Plus d’un mois après le décès du chef de l’État Béji Caïd Essebsi, la campagne présidentielle vient de démarrer. Les candidats à l’élection du 15 septembre sont le sujet de conversation numéro un des Tunisiens
Du haut d’un réverbère, un Tunisien scrute l’horizon pendant un rassemblement électoral, en décembre 2014, du président Béji Caïd Essebsi, décédé le 25 juillet 2019 (AFP)

Après le décès, le 25 juillet, de Béji Caïd Essebsi, 92 ans, premier président tunisien élu démocratiquement au suffrage universel, l’élection présidentielle, initialement prévue en novembre, a été avancée au 15 septembre.

Sur 97 personnalités qui ont déposé leurs dossiers de candidature, 26 candidats ont été retenus par l’Instance supérieure indépendante pour les élections (ISIE). Parmi eux, deux femmes. La plupart sont des candidats indépendants.

Le Premier ministre tunisien (qui a délégué fin août ses pouvoirs), Youssef Chahed, 43 ans, leader du parti Tahya Tounes, fait partie de ceux dont la candidature a été a retenue.

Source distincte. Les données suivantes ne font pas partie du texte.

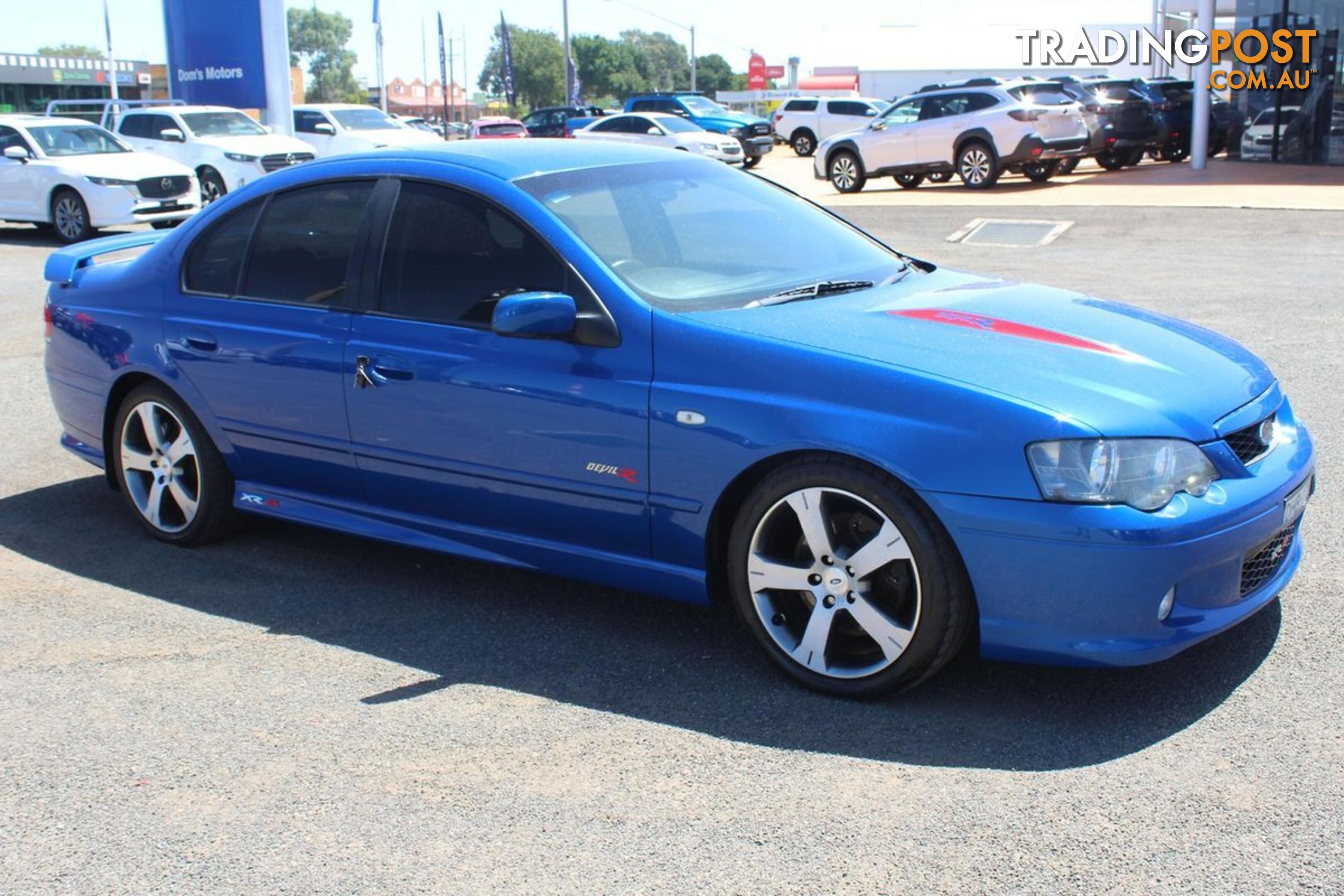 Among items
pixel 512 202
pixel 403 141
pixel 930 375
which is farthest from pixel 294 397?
pixel 403 141

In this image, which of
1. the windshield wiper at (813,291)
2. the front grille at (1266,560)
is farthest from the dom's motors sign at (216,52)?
the front grille at (1266,560)

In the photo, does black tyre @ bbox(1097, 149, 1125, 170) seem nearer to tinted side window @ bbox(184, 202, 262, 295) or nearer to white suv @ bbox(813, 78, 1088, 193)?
white suv @ bbox(813, 78, 1088, 193)

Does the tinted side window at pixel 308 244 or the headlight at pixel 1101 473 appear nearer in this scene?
the headlight at pixel 1101 473

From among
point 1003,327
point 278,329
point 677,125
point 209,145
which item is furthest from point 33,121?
point 1003,327

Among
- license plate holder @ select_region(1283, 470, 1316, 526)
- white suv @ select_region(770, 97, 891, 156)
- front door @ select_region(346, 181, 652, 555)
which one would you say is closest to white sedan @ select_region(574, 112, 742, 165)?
white suv @ select_region(770, 97, 891, 156)

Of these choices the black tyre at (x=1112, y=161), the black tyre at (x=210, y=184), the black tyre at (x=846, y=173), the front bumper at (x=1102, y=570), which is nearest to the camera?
the front bumper at (x=1102, y=570)

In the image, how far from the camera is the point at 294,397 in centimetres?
505

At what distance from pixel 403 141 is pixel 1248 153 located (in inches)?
670

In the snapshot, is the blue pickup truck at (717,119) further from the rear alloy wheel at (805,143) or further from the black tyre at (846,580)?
the black tyre at (846,580)

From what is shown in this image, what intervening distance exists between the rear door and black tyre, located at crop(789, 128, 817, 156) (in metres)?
36.8

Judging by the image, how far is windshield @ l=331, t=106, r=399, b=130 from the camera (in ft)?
92.9

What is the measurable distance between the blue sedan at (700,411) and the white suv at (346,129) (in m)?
22.1

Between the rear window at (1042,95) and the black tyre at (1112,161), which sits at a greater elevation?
the rear window at (1042,95)

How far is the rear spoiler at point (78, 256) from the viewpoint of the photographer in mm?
6039
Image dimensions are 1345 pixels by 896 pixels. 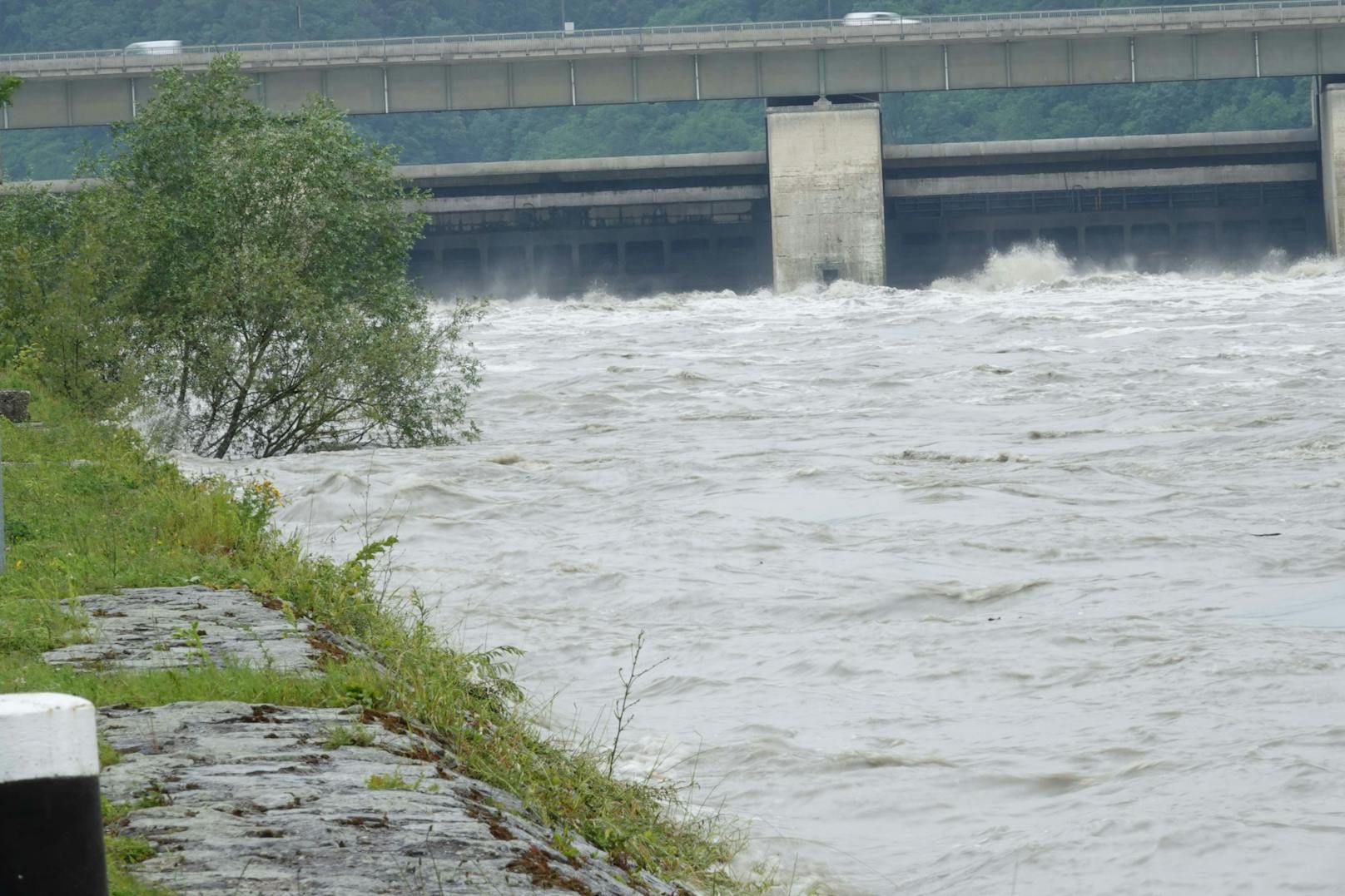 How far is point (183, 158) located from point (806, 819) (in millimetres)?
17669

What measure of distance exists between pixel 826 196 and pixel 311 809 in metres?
49.0

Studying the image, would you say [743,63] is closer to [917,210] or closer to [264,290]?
[917,210]

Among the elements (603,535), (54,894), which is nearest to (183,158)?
(603,535)

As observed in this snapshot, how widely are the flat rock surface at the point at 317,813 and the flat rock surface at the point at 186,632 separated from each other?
0.72 meters

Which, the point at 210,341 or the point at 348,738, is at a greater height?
the point at 210,341

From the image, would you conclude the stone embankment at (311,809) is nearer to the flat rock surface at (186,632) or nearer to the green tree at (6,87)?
the flat rock surface at (186,632)

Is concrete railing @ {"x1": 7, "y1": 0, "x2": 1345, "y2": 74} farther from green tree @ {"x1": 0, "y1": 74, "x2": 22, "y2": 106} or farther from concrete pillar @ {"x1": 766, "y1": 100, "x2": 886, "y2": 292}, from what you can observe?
green tree @ {"x1": 0, "y1": 74, "x2": 22, "y2": 106}

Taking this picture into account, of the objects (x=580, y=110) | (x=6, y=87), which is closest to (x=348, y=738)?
(x=6, y=87)

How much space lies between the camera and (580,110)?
9881 centimetres

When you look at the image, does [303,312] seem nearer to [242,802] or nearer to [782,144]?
[242,802]

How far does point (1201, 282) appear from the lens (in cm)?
5012

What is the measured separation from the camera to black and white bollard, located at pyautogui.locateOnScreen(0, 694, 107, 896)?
2910 mm

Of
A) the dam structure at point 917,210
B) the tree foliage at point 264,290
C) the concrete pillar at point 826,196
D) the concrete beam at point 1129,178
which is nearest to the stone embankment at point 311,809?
the tree foliage at point 264,290

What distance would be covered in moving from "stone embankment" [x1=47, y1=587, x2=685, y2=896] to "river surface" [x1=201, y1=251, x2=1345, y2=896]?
1.66 meters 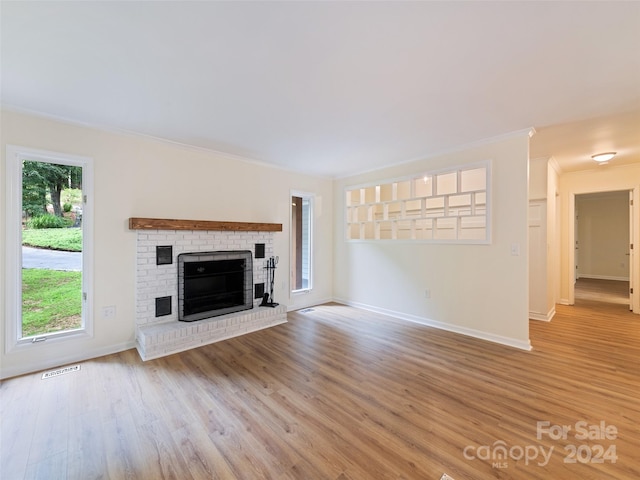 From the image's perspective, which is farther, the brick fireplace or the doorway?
the doorway

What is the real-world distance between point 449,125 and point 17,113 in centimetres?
451

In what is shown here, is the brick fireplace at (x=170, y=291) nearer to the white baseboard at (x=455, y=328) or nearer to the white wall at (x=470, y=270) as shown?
the white baseboard at (x=455, y=328)

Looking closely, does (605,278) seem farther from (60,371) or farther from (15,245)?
(15,245)

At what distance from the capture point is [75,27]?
64.2 inches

Ces conversations très animées à propos des différents candidats à l’élection présidentielle n’auraient pas été possibles il y a dix ans

Il devrait faire face à une forte concurrence de la part de l’ancien président Moncef Marzouki mais aussi du ministre de la Défense Abdelkrim Zbidi (le candidat a démissionné de son poste de ministre mais sa démission n’a pas encore été acceptée par la présidence), de l’ex-Premier ministre Mehdi Jomaa et du richissime homme d’affaires Nabil Karoui, propriétaire de la chaîne de télévision privée Nessma, arrêté vendredi 23 août pour « blanchiment d’argent ». On surnomme ce dernier le « Berlusconi tunisien ».

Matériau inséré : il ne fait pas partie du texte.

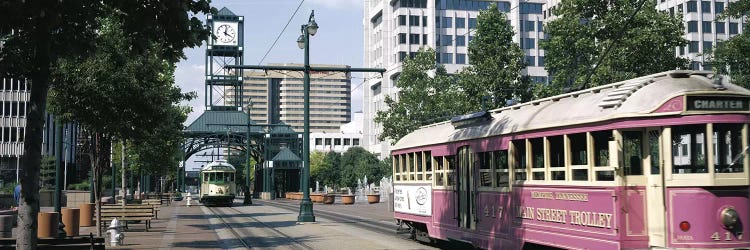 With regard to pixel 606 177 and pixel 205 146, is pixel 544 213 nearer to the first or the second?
pixel 606 177

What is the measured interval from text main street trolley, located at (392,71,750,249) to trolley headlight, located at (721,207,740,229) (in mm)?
13

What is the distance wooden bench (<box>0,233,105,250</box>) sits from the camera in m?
13.2

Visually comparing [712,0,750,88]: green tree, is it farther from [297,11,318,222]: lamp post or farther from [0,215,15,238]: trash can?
[0,215,15,238]: trash can

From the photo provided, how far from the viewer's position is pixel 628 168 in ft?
33.6

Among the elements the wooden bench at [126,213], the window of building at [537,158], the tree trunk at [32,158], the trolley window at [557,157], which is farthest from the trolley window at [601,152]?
Result: the wooden bench at [126,213]

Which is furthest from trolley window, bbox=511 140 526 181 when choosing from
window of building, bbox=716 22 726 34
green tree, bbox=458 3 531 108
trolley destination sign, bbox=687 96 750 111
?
window of building, bbox=716 22 726 34

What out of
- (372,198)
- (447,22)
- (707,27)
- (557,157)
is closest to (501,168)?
(557,157)

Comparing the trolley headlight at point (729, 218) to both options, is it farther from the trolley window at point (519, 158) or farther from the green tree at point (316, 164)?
the green tree at point (316, 164)

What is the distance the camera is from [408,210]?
19438mm

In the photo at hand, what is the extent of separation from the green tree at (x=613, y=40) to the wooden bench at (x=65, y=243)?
17897 millimetres

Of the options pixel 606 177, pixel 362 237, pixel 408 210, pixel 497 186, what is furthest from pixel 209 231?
pixel 606 177

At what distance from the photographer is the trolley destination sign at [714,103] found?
9.90 m

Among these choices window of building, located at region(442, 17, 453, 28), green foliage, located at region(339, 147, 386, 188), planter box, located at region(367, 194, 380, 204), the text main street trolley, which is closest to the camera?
the text main street trolley

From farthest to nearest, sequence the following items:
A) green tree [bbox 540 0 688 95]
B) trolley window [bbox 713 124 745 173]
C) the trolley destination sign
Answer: green tree [bbox 540 0 688 95] < the trolley destination sign < trolley window [bbox 713 124 745 173] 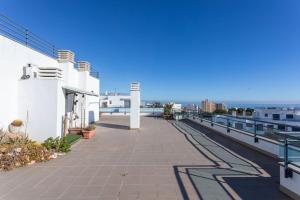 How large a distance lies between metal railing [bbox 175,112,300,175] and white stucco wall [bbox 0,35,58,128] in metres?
7.70

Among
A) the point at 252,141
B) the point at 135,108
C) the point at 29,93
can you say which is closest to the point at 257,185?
the point at 252,141

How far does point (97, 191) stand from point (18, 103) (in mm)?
5651

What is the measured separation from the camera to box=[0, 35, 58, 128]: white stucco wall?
773 cm

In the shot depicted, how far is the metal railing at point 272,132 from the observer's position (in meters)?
4.15

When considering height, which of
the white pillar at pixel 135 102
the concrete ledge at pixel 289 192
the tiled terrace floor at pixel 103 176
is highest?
the white pillar at pixel 135 102

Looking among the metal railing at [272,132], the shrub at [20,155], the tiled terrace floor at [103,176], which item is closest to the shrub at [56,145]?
the tiled terrace floor at [103,176]

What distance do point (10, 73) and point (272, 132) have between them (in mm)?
8154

Abdelfattah Mourou, vice-président d’Ennahdha, parti islamiste et plus grande formation politique du pays, est également candidat.

Je suis allé à Tunis pour assister aux obsèques nationales du président Béji Caïd Essebsi et au démarrage de de la campagne présidentielle.

Chaque soir, lors de dîners chez des amis, fenêtres grandes ouvertes, les discussions s’orientent immédiatement vers la politique.

L’ex-président tunisien Moncef Marzouki est un des 26 candidats à l’élection présidentielle du 15 septembre 2019 (AFP)

Je me suis retrouvé entouré de trois générations de Tunisiens qui ont vu leur pays se transformer de Bourguiba jusqu’à l’élection démocratique d’Essebsi en passant par la longue dictature de Ben Ali.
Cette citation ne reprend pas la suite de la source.